= Your assignment =
Reproduce the data that follows character for character, but omit its pictures.

= Information provided =

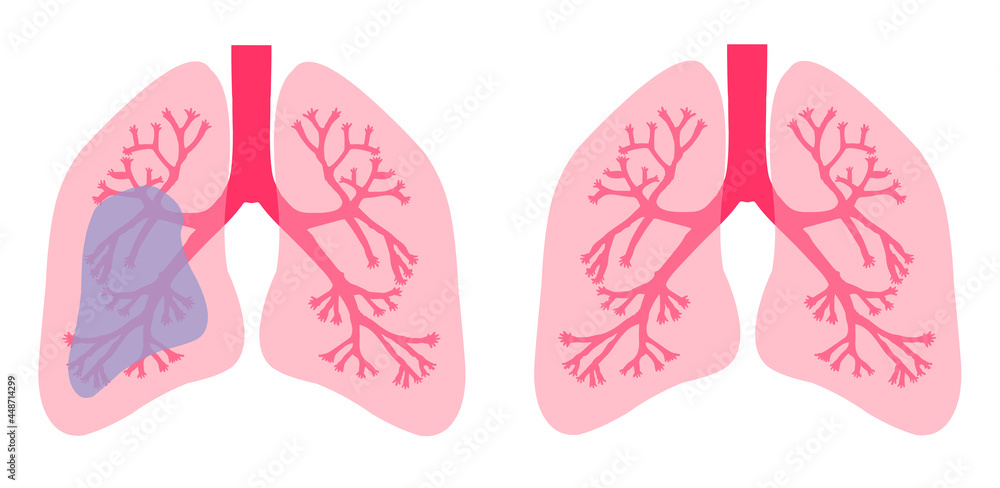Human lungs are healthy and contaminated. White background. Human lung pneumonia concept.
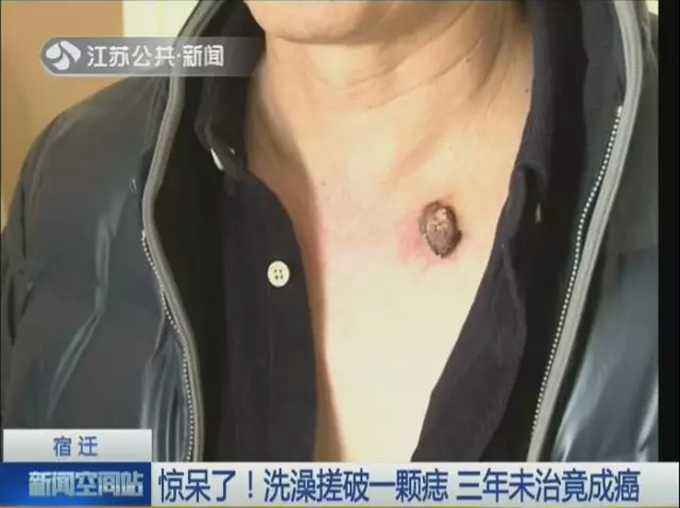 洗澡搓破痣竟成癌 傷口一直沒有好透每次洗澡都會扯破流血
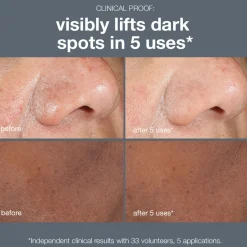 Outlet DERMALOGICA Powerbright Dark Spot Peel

= Exercise result =
Human lungs are healthy and contaminated. White background. Human lung pneumonia concept.
 洗澡搓破痣竟成癌 傷口一直沒有好透每次洗澡都會扯破流血
 Outlet DERMALOGICA Powerbright Dark Spot Peel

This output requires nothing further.